Is there a Blue Theology of viruses?  What do viruses and this pandemic teach us about God’s creation on land and sea?

-God’s creation is diverse and complex.  We now speak of food webs, interconnectedness, cycles, rather than food chains, simple linear cause and effect.  There is life and death throughout the web.  As a person of faith I try to choose life, but we know, especially in this Eastertide, that life and death move in a complex dance.

-All are part of God’s creation.  There are no “good” organisms or life forms and “bad” ones.  The viruses are being viruses.  Like every living thing, they want to find dinner, not be someone else’s dinner, reproduce.  Viruses are really good at all three.  Evil as they seem, they are just being who they are. 

-Lamentation.  To weep is a completely faithful response to the current virus deaths of hundreds of thousands of land mammals.  When viruses kill whales and dolphins and seals, we also weep.  “How long, O Lord?” is a faithful prayer.  Life and death happen, but this hurts, I hate this!!

-Healing.  To be faithful is to want to heal, make whole.  Who are our heroes, who is essential?  The healers and helpers.  Salvation means to make whole.  We mourn because death seems to have the upper hand and healers themselves are dying.

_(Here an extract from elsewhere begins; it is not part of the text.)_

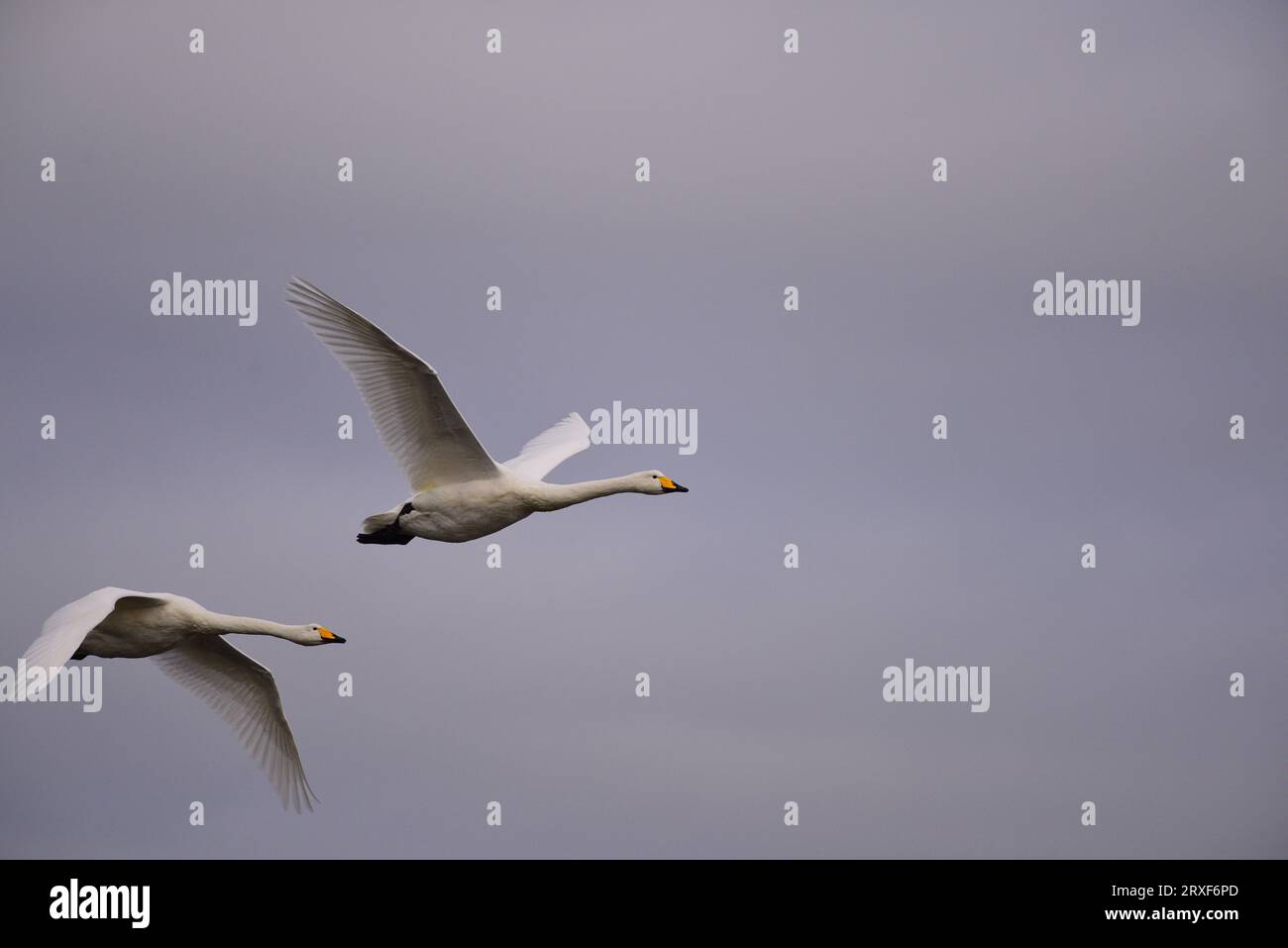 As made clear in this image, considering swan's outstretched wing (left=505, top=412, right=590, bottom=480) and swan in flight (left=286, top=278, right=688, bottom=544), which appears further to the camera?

-Justice and mercy.  When you do it to the least of these, you do it to me, says Jesus.  The poor suffer more from all viruses, not just this one.  In our cities, in developing countries, the pandemic is much more deadly, the resources much less available.  One of many examples: on the hundred or so cruise ships idle now in US ports, 90,000 crew members wait in tight quarters, employees of American owned companies flying under foreign flags, their crews not protected or paid according to US laws. That is wrong.  Throughout scripture God has a “preferential option for the poor,” but the poor still seem to suffer so much.  One could also say the ocean is a poor cousin of the land when it comes to protection, spending, international cooperation.  When one suffers, we all suffer. God calls us to mercy and to justice.

OK, my heart is breaking for God’s creatures, land and sea.